### Requirement
Your output must be the line containing "Modern bathroom with" followed by every later line in the entries below, all copied exactly.

____________________

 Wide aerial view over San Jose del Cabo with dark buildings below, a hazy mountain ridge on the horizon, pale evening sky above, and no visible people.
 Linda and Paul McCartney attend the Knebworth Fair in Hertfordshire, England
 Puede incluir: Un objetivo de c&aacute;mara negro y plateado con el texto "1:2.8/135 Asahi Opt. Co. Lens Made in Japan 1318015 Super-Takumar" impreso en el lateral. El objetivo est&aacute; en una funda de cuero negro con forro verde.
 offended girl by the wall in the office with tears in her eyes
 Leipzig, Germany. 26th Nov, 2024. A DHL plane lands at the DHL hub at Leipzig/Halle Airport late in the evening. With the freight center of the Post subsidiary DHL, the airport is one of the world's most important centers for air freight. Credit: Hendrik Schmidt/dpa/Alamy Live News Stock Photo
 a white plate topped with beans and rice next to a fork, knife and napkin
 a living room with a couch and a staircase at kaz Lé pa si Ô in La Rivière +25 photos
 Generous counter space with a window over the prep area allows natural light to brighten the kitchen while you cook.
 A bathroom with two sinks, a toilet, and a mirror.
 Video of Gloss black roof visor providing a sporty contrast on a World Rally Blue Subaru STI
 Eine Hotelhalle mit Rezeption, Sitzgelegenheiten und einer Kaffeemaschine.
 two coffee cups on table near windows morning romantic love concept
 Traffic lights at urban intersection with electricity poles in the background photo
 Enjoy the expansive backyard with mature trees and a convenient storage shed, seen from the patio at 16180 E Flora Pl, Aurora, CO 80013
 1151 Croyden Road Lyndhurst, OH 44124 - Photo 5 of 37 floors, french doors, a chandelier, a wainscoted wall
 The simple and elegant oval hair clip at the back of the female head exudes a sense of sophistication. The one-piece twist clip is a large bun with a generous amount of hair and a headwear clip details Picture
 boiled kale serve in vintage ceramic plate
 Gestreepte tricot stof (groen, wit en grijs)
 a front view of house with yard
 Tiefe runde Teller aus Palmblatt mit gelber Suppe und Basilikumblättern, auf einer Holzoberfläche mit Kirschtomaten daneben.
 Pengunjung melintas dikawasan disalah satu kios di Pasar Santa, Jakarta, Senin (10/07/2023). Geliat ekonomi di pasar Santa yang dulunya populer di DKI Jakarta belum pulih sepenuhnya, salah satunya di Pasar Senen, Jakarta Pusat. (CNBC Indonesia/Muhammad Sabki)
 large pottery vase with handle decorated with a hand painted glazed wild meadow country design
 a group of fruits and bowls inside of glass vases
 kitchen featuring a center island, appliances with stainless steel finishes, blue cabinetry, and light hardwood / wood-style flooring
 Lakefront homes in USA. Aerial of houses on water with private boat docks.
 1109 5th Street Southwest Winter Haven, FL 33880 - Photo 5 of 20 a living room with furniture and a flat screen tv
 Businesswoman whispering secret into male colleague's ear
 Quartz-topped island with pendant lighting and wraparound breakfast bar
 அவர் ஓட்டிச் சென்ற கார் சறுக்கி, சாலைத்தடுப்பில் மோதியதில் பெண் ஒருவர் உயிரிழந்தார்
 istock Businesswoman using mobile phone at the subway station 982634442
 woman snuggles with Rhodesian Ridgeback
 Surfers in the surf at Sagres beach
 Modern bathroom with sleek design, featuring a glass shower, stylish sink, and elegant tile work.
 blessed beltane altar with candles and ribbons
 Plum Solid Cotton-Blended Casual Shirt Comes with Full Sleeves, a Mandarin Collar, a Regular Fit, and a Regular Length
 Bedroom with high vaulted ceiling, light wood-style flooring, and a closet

____________________

### Answer to this task
 Modern bathroom with sleek design, featuring a glass shower, stylish sink, and elegant tile work.
 blessed beltane altar with candles and ribbons
 Plum Solid Cotton-Blended Casual Shirt Comes with Full Sleeves, a Mandarin Collar, a Regular Fit, and a Regular Length
 Bedroom with high vaulted ceiling, light wood-style flooring, and a closet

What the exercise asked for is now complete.